**REQUIREMENT**
Beginning with the line that contains "ММА борач ја" in the material below, print each line exactly until the line that contains "Fig. 04 - Electrode" has been printed, then stop.
*** Opening of DATA TO PROCESS ***
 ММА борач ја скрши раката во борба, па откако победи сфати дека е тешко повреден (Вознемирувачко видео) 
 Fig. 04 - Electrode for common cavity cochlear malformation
*** Close of DATA TO PROCESS ***
*** Opening of DATA TO PROCESS ***
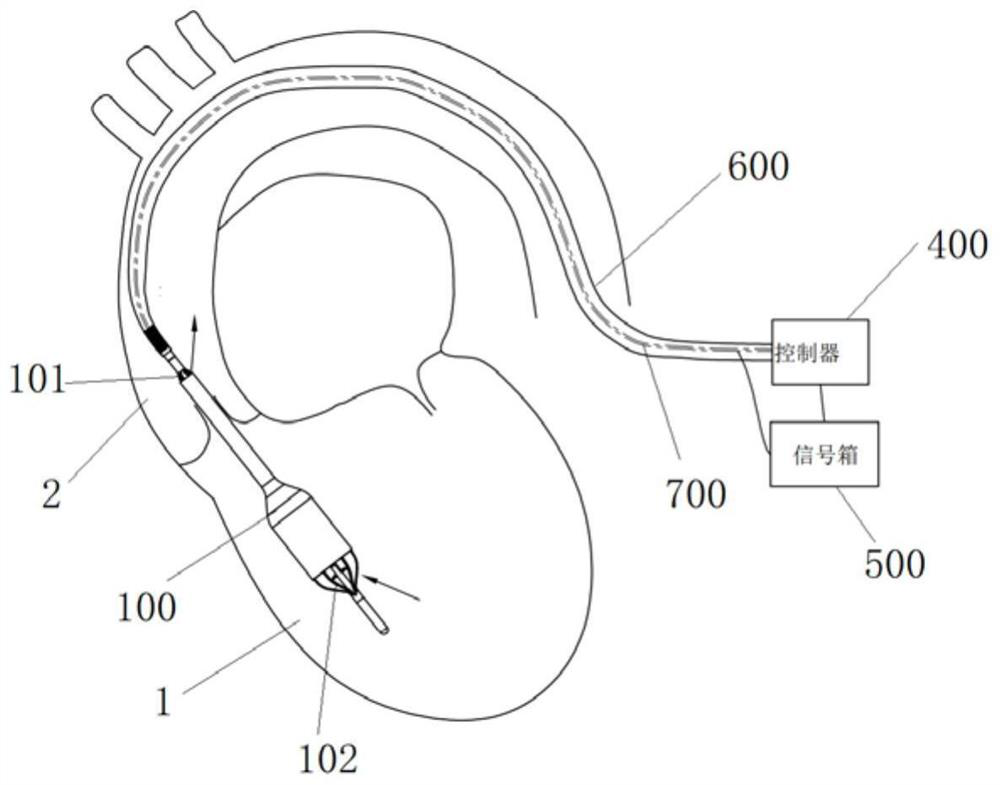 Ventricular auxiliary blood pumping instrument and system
*** Close of DATA TO PROCESS ***
**TASK OUTPUT**
 ММА борач ја скрши раката во борба, па откако победи сфати дека е тешко повреден (Вознемирувачко видео) 
 Fig. 04 - Electrode for common cavity cochlear malformation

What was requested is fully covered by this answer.